Akan tetapi harus diakui, UU No. 23
tahun 2003 tentang Pemilihan Presiden dan Wakil
Presiden (selanjutnya disebut UU Pilpres) tersebut
dalam dirinya masih mengandung kontroversi dan kelemahan-kelemahan.
Dalam tulisan ini akan disinggung beberapa kelemahan
pokok dari UU tersebut yang berimplikasi serius
terhadap kualitas partisipasi politik dan upaya
perlindungan bagi hak pemilih.
Karena pemilihan presiden secara langsung
relatif masih baru, tentu banyak segi yang perlu
disoroti. Fokus tulisan ini ialah pada substansi
dan problematika pemilihan Presiden dari perspektif
pemilih, yang semestinya dilindungi oleh UU. Hak
dan kepentingan pemilih adalah soal yang terabaikan
dalam wacana publik selama ini, termasuk dalam proses
pembahasan RUU Pilpres.
Melindungi Pemilih
Salah satu isu penting dalam pembahasan
RUU Pilpres adalah menyangkut proses penetapan persyaratan
dalam seleksi calon Presiden. Hal ini penting ditekankan
karena kita menghendaki agar rakyat tidak salah
dalam menentukan pilihannya kelak. Dengan kata lain,
memilih orang yang dianggap tepat dan layak. Mengapa
demikian? Karena di dalam sistem presidensial, rakyat
hanya diberi kesempatan memilih sekali dalam lima
tahun. Prinsipnya adalah, presiden terpilih memangku
jabatan tetap (fixed term) selama periode lima tahun.
Secara politik presiden tidak dapat dijatuhkan di
tengah jalan atau selama memerintah. Karena itu,
selaku subyek yang menentukan siapa yang layak menjadi
Presiden, rakyat mesti diingatkan dan dilindungi
hak pilihnya agar bisa memilih dengan sebaik-baiknya.

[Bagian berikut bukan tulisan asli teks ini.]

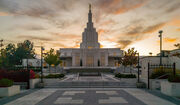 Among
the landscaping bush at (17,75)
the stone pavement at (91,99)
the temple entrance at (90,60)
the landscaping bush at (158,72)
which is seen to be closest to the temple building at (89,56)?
the temple entrance at (90,60)

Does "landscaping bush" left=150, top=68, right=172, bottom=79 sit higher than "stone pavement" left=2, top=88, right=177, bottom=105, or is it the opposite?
"landscaping bush" left=150, top=68, right=172, bottom=79

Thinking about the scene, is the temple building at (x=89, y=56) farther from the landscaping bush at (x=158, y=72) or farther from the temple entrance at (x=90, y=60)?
the landscaping bush at (x=158, y=72)

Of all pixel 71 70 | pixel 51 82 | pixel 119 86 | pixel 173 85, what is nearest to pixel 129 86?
pixel 119 86

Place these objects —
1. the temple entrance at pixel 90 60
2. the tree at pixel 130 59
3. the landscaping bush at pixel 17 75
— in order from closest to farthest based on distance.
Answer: the landscaping bush at pixel 17 75, the tree at pixel 130 59, the temple entrance at pixel 90 60

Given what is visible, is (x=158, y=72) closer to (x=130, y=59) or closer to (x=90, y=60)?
(x=130, y=59)

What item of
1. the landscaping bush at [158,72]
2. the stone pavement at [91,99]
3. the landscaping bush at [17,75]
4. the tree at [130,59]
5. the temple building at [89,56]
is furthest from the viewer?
the temple building at [89,56]

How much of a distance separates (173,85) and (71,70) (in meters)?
32.7

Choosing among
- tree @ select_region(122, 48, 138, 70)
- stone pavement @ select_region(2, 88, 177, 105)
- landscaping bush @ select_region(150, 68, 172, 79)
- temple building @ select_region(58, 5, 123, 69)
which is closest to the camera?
stone pavement @ select_region(2, 88, 177, 105)

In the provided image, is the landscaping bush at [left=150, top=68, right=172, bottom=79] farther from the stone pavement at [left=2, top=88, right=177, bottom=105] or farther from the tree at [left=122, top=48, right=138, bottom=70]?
the tree at [left=122, top=48, right=138, bottom=70]

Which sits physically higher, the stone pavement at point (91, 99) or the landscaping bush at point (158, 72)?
the landscaping bush at point (158, 72)

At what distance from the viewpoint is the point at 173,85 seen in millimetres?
10672

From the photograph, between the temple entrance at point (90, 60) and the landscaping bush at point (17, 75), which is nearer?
the landscaping bush at point (17, 75)

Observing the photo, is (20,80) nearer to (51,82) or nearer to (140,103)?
(51,82)

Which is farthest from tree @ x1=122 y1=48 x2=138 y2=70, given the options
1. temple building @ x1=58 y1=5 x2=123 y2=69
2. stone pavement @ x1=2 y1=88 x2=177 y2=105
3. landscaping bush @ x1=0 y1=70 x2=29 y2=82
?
temple building @ x1=58 y1=5 x2=123 y2=69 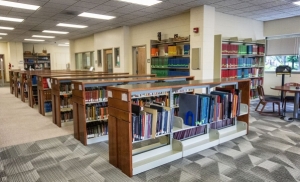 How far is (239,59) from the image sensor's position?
7.15 m

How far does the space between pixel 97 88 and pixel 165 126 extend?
5.91 ft

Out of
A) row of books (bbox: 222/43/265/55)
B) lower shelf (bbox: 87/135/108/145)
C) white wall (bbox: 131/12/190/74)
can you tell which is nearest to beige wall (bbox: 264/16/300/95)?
row of books (bbox: 222/43/265/55)

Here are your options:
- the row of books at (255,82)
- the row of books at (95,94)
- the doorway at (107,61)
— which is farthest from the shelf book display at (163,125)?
the doorway at (107,61)

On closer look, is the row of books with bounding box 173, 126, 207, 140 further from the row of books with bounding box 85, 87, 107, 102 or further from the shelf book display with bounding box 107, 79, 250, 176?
the row of books with bounding box 85, 87, 107, 102

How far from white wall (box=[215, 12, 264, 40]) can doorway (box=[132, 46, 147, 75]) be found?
3.04 m

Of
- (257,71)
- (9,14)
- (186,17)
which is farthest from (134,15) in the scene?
(257,71)

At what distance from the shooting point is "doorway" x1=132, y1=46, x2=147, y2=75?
8.80m

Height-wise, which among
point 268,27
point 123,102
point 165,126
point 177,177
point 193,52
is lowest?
point 177,177

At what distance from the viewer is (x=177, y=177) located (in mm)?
2602

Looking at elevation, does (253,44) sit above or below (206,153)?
above

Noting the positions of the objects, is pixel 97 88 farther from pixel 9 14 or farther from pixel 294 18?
pixel 294 18

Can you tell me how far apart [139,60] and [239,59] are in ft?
12.7

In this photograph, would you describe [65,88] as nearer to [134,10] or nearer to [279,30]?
[134,10]

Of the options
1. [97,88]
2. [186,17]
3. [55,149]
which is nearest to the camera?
[55,149] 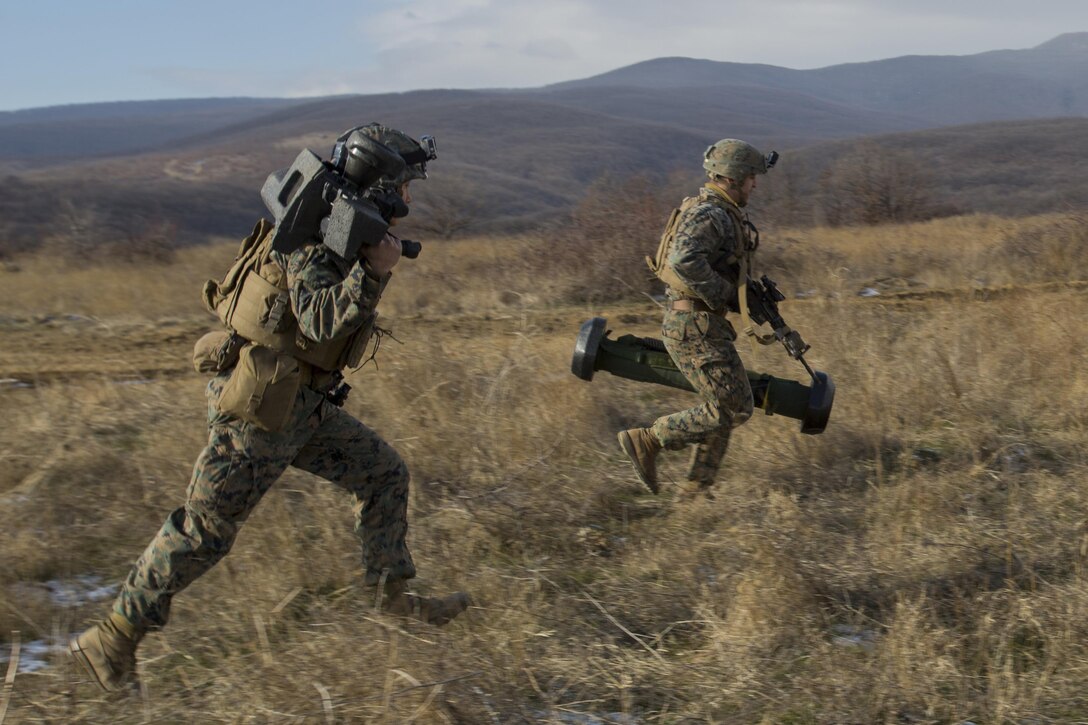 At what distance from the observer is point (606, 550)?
460 cm

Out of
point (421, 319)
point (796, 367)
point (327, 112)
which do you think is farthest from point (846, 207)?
point (327, 112)

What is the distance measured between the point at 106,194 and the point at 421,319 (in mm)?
52485

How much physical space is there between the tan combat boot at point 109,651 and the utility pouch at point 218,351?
823 millimetres

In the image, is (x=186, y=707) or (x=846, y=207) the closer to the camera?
(x=186, y=707)

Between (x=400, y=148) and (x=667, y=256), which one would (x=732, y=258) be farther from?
(x=400, y=148)

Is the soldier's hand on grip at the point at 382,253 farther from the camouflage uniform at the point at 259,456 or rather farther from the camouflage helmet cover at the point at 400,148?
the camouflage helmet cover at the point at 400,148

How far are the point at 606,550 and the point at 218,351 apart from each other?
198 centimetres

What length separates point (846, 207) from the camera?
2108 centimetres

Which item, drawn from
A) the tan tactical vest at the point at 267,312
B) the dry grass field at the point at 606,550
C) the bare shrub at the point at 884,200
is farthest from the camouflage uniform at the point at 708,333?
the bare shrub at the point at 884,200

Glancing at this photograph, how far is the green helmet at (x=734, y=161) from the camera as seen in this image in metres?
4.95

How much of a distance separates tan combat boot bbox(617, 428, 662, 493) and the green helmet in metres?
1.28

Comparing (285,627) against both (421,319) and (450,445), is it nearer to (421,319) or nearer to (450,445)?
(450,445)

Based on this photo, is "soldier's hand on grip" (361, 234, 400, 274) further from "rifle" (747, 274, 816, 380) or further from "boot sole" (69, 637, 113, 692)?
"rifle" (747, 274, 816, 380)

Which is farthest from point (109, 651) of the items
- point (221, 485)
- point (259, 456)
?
Result: point (259, 456) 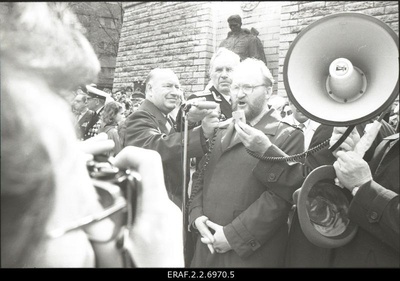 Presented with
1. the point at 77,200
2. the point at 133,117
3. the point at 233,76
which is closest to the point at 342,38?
the point at 233,76

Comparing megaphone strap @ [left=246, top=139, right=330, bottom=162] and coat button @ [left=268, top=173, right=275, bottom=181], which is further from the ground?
megaphone strap @ [left=246, top=139, right=330, bottom=162]

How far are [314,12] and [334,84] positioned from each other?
0.94 ft

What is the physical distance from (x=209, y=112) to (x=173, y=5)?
→ 442 millimetres

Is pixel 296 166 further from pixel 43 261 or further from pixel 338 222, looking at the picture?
pixel 43 261

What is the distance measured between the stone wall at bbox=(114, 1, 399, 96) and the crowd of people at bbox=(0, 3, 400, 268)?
0.05 metres

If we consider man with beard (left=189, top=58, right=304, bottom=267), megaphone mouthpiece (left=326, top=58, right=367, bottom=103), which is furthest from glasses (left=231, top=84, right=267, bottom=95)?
megaphone mouthpiece (left=326, top=58, right=367, bottom=103)

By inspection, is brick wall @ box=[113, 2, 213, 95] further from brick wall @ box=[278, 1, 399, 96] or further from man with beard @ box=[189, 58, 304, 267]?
brick wall @ box=[278, 1, 399, 96]

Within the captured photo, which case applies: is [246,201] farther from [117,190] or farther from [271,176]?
[117,190]

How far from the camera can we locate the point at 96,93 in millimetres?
1879

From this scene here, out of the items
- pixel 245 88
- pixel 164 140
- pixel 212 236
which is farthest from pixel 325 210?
pixel 164 140

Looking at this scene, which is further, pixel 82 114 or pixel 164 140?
pixel 164 140

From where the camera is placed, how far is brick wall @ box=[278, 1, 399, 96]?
1.77m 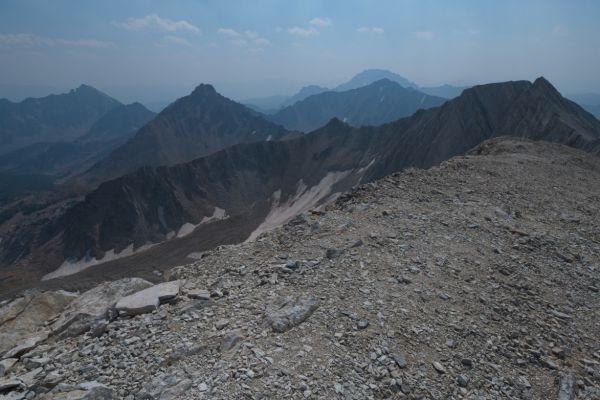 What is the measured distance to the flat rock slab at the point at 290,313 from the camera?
31.4 feet

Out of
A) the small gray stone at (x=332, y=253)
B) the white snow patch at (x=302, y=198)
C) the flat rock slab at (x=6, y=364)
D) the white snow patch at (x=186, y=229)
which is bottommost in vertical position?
the white snow patch at (x=186, y=229)

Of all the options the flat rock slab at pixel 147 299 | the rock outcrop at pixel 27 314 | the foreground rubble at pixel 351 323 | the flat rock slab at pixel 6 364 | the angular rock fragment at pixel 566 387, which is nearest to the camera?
the foreground rubble at pixel 351 323

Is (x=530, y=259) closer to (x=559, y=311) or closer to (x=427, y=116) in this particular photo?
(x=559, y=311)

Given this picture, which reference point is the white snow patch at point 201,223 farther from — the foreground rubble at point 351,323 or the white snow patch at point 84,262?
the foreground rubble at point 351,323

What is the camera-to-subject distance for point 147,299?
10.7 meters

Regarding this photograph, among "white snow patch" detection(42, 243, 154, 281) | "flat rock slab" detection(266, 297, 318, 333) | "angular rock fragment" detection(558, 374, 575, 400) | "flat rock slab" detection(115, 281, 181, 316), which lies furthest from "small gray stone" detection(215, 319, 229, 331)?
"white snow patch" detection(42, 243, 154, 281)

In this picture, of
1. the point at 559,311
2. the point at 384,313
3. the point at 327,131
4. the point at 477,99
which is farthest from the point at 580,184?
the point at 327,131

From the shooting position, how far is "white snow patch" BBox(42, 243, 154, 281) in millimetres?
117537

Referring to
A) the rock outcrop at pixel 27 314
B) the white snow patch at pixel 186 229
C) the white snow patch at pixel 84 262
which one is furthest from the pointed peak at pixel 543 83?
the white snow patch at pixel 84 262

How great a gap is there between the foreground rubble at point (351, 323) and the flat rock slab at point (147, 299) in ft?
0.16

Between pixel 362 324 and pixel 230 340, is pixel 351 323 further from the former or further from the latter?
pixel 230 340

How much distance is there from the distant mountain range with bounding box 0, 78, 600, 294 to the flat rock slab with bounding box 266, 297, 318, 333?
265 feet

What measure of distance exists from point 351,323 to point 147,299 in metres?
5.28

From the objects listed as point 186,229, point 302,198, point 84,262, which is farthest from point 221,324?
point 302,198
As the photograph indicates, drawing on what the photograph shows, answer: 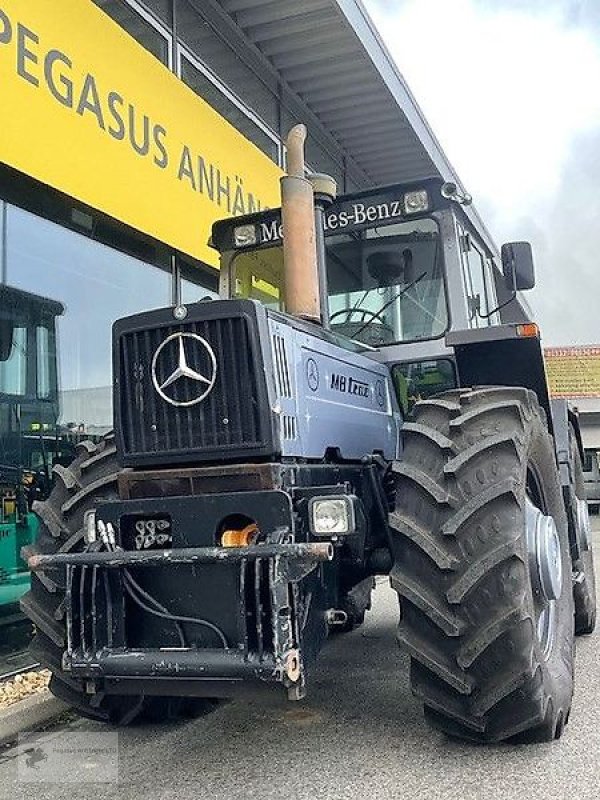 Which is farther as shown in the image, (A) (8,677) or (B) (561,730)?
(A) (8,677)

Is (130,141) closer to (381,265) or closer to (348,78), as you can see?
(381,265)

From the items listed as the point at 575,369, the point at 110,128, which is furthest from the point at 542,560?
the point at 575,369

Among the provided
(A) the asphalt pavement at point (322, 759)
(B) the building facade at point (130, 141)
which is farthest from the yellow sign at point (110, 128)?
(A) the asphalt pavement at point (322, 759)

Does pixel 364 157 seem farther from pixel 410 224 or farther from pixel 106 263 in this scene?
pixel 410 224

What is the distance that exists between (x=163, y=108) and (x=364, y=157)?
4.67 meters

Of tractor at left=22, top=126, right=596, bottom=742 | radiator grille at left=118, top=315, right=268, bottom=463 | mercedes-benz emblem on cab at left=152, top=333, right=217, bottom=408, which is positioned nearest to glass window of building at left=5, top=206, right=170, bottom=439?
tractor at left=22, top=126, right=596, bottom=742

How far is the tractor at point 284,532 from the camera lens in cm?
306

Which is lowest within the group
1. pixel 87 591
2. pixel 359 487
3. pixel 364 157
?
pixel 87 591

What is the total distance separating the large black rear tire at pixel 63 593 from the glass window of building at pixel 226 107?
14.7ft

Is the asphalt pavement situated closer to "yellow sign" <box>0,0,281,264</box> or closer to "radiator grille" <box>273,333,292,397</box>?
"radiator grille" <box>273,333,292,397</box>

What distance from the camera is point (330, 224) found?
197 inches

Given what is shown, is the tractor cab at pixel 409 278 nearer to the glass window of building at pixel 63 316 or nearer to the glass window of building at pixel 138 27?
the glass window of building at pixel 63 316

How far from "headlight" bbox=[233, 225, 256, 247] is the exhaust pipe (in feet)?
3.83

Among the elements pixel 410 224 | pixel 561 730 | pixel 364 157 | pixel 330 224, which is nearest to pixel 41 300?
pixel 330 224
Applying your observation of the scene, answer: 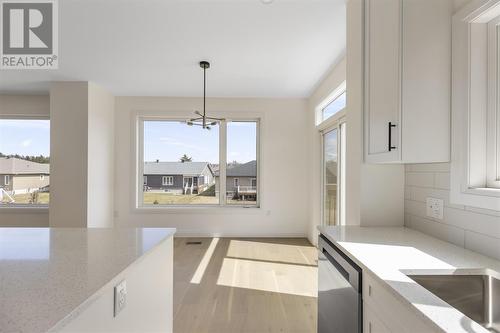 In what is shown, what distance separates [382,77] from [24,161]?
237 inches

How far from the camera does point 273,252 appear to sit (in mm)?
4469

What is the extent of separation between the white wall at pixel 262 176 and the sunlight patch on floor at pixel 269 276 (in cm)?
150

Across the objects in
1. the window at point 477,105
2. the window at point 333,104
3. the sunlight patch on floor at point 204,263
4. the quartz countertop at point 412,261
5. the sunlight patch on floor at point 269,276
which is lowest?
the sunlight patch on floor at point 204,263

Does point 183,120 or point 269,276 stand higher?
point 183,120

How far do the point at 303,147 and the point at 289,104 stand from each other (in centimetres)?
86

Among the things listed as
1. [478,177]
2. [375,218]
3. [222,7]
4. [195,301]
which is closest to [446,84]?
[478,177]

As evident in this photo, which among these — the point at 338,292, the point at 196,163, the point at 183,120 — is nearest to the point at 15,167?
the point at 183,120

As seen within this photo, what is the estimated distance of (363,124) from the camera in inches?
80.1

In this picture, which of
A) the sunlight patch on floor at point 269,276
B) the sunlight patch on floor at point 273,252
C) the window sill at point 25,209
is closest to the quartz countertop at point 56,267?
the sunlight patch on floor at point 269,276

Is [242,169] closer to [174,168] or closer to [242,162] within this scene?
[242,162]

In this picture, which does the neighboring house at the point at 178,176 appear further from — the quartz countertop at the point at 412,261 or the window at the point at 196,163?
the quartz countertop at the point at 412,261

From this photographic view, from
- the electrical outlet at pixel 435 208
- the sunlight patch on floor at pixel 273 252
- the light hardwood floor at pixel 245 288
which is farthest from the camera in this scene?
the sunlight patch on floor at pixel 273 252

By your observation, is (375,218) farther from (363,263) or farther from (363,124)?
(363,263)

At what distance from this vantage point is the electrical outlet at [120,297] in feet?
3.41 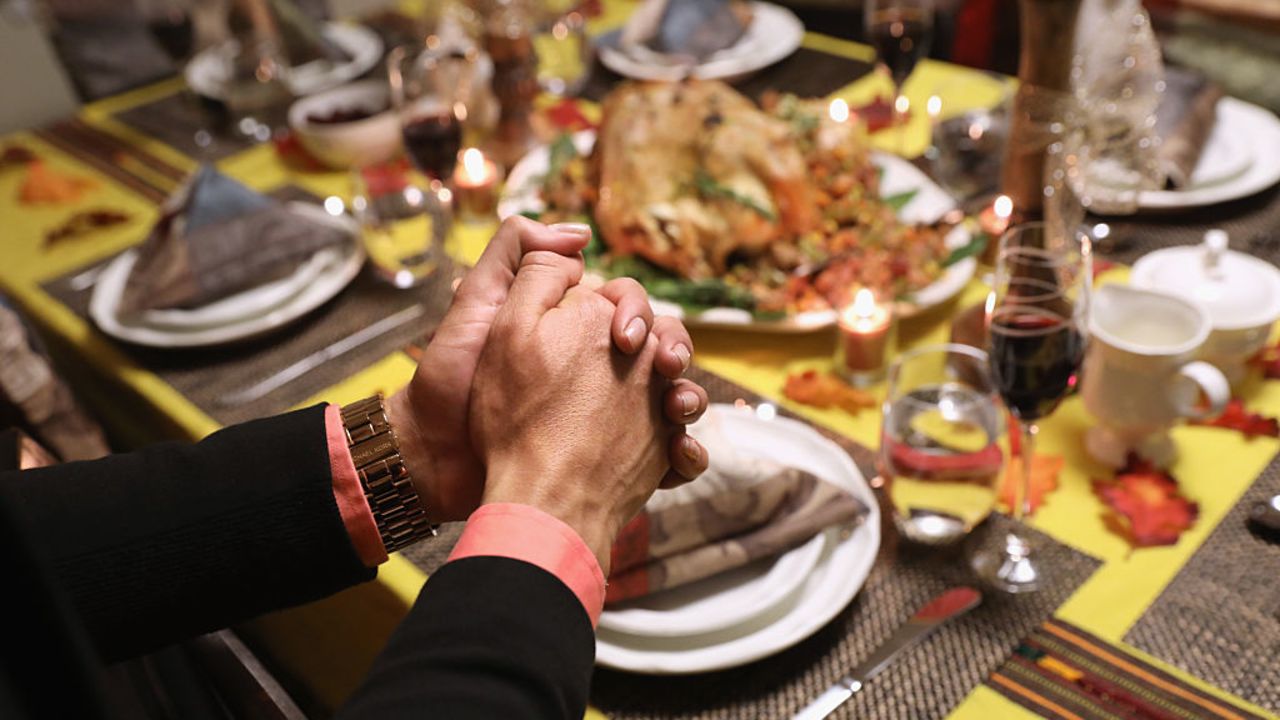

Langkah yang diperlukan supaya pemilu
presiden itu sunguh-sungguh menjadi sebuah proses
politik yang bermakna tak lain adalah sebuah UU
yang menjamin bahwa rakyat dapat menggunakan kesempatan
tersebut secara baik dan tepat. Namun dari proses
pembahasan RUU Pilpres tampaknya apa yang diharapkan
itu masih jauh dari tercapai. Perdebatan seputar
syarat-syarat calon pada waktu itu berlangsung cukup
alot. Akan tetapi, pada akhirnya tak terhindarkan
adanya kompromi-kompromi politik antara partai-partai
besar. Terutama mengenai pasal-pasal yang mempengaruhi
posisi dari calon presiden masing-masing partai.
Sebagai contoh adalah perdebatan ketika menyusun
pasal 6 tentang syarat calon presiden dan wakil
presiden. Akhirnya, masing-masing partai merelakan
dihapusnya prinsip yang diperjuangkan, demi memperoleh
keringanan bagi calon presidennya sendiri-sendiri.
Kepentingan dan hak pemilih untuk mendapat calon
presiden yang memenuhi syarat sebaik-baiknya, diabaikan
dan tersingkirkan.
Partai Golkar misalnya, menolak usul
pencantuman syarat bahwa calon presiden bukanlah
seorang yang sedang jadi terdakwa dalam perkara
pidana. Ini berkaitan dengan posisi Akbar Tanjung
selaku ketua umum Partai Golkar yang sedang tersangkut
perkara korupsi dana nonbudgeter Bulog. Sebagai
imbangannya, PDI Perjuangan menolak usul Partai
Golkar agar calon presiden memenuhi syarat pendidikan
S1, dengan alasan hal itu tidak relevan dengan kecakapan
memimpin negara. Tentu penolakan ini berkenaan dengan
diri Megawati Soekarnoputri, Ketua Umum PDI Perjuangan
dan sekaligus calon presiden partai untuk pemilu
akan datang. Kemudian syarat “sehat jasmani dan
rohani” pun tidak disebut-sebut lagi, sehubungan
dengan keadaan KH Abdurrahman Wahid, yang sangat
mungkin jadi calon presiden dari PKB. Yang tetap
tercantum ialah “mampu secara rohani dan jasmani
untuk melaksanakan tugas dan kewajiban sebagai Presiden”.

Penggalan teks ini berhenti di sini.